Directions for this task: Reproduce without any pictures the lines from the one that contains "Markets Segmentation Target" through the end of the records, exactly as written.

[Source records]
____________

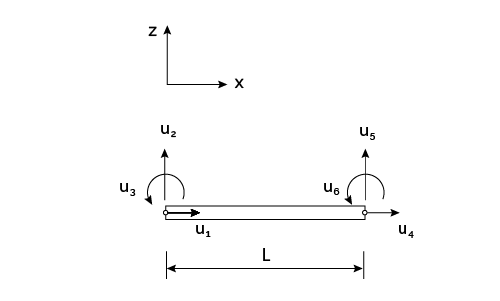 Simple frame element.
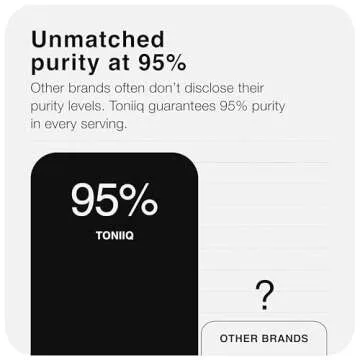 Ultra High Purity Toniiq Hyaluronic Acid Capsules 275mg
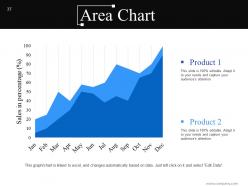 Markets Segmentation Target And Positioning Evaluation Powerpoint Presentation Slides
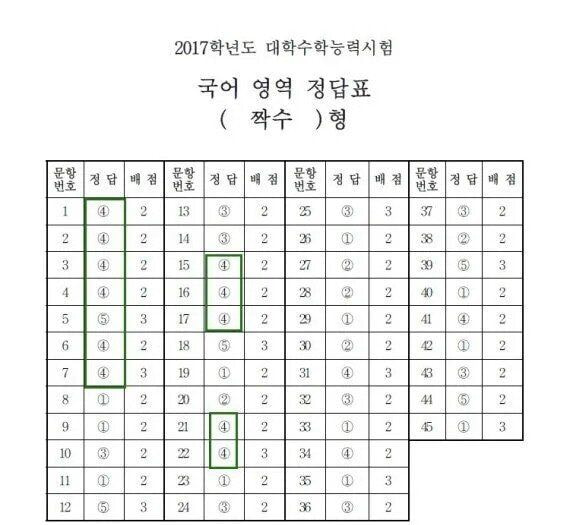 수능 정답표 레전드... | 인스티즈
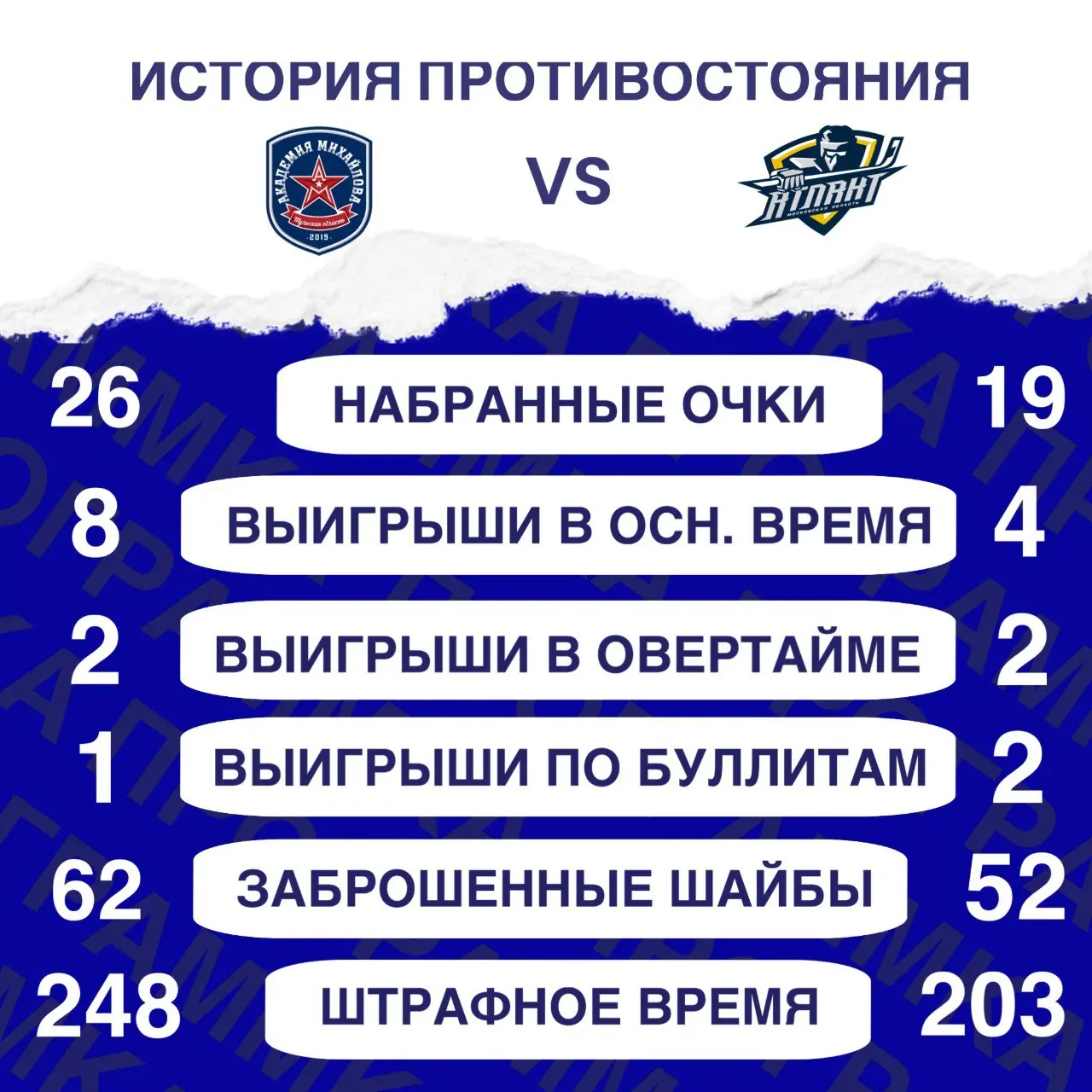 История противостояния команды с Академией Михаилова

____________

Task output:
 Markets Segmentation Target And Positioning Evaluation Powerpoint Presentation Slides
 수능 정답표 레전드... | 인스티즈
 История противостояния команды с Академией Михаилова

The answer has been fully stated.